* Task requirements:
The required output is the lines from the one with "Saxo Grammaticus: The" through the end of the data, repeated verbatim, with no pictures included.

* Dataset excerpts:

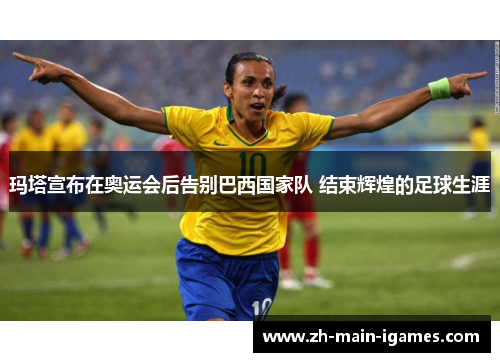 玛塔宣布在奥运会后告别巴西国家队 结束辉煌的足球生涯 玛塔宣布在奥运会后告别巴西国家队 结束辉煌的足球生涯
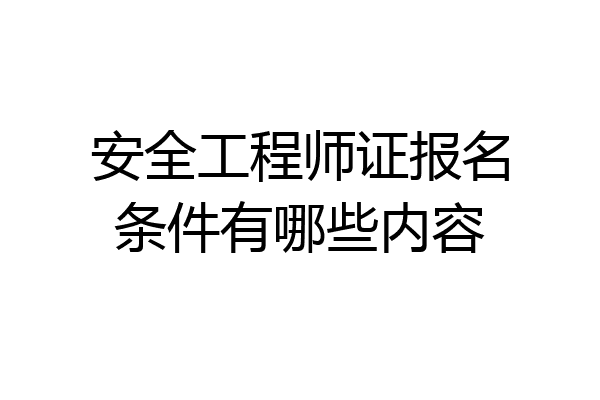 安全工程师证报名条件有哪些内容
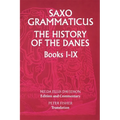 Saxo Grammaticus: The History of the Danes, Books I-IX: I. English Text; II. Commentary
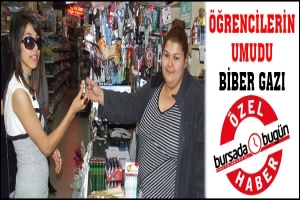 &Ouml;ZEL HABER... &Ouml;ĞRENCİLERİN UMUDU BİBER GAZI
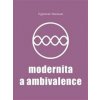 Modernita a ambivalence - Zygmunt Bauman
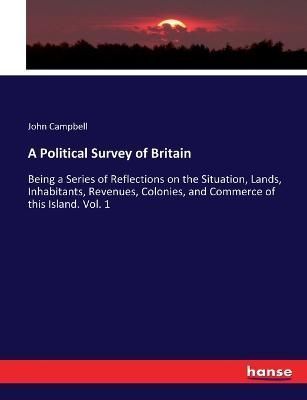 A Political Survey of Britain:Being a Series of Reflections on the Situation, Lands, Inhabitants, Revenues, Colonies, and Commerce of this ...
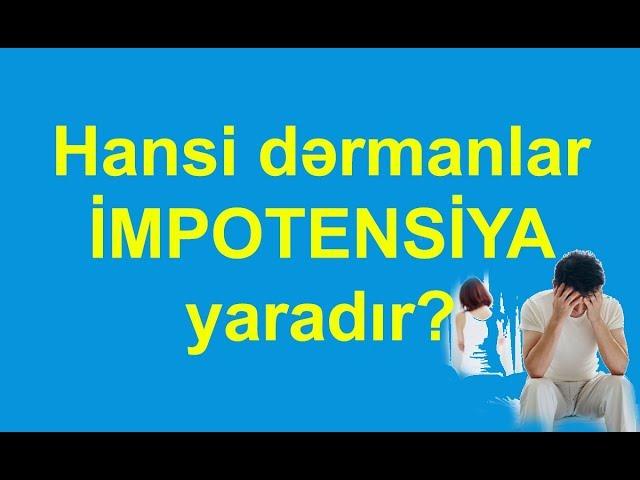 Bu dermanlar Impotensiya toredir...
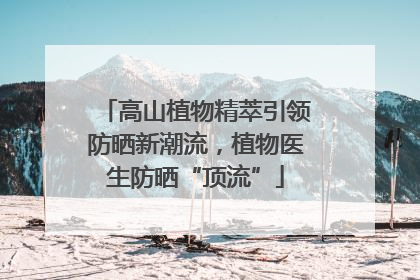 高山植物精萃引领防晒新潮流，植物医生防晒“顶流”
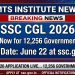 SSC CGL 2026: Apply Now for 12,256 Government Jobs, Last Date June 22 @ssc.gov.in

* Answer section:
 Saxo Grammaticus: The History of the Danes, Books I-IX: I. English Text; II. Commentary
 &Ouml;ZEL HABER... &Ouml;ĞRENCİLERİN UMUDU BİBER GAZI
 Modernita a ambivalence - Zygmunt Bauman
 A Political Survey of Britain:Being a Series of Reflections on the Situation, Lands, Inhabitants, Revenues, Colonies, and Commerce of this ...
 Bu dermanlar Impotensiya toredir...
 高山植物精萃引领防晒新潮流，植物医生防晒“顶流”
 SSC CGL 2026: Apply Now for 12,256 Government Jobs, Last Date June 22 @ssc.gov.in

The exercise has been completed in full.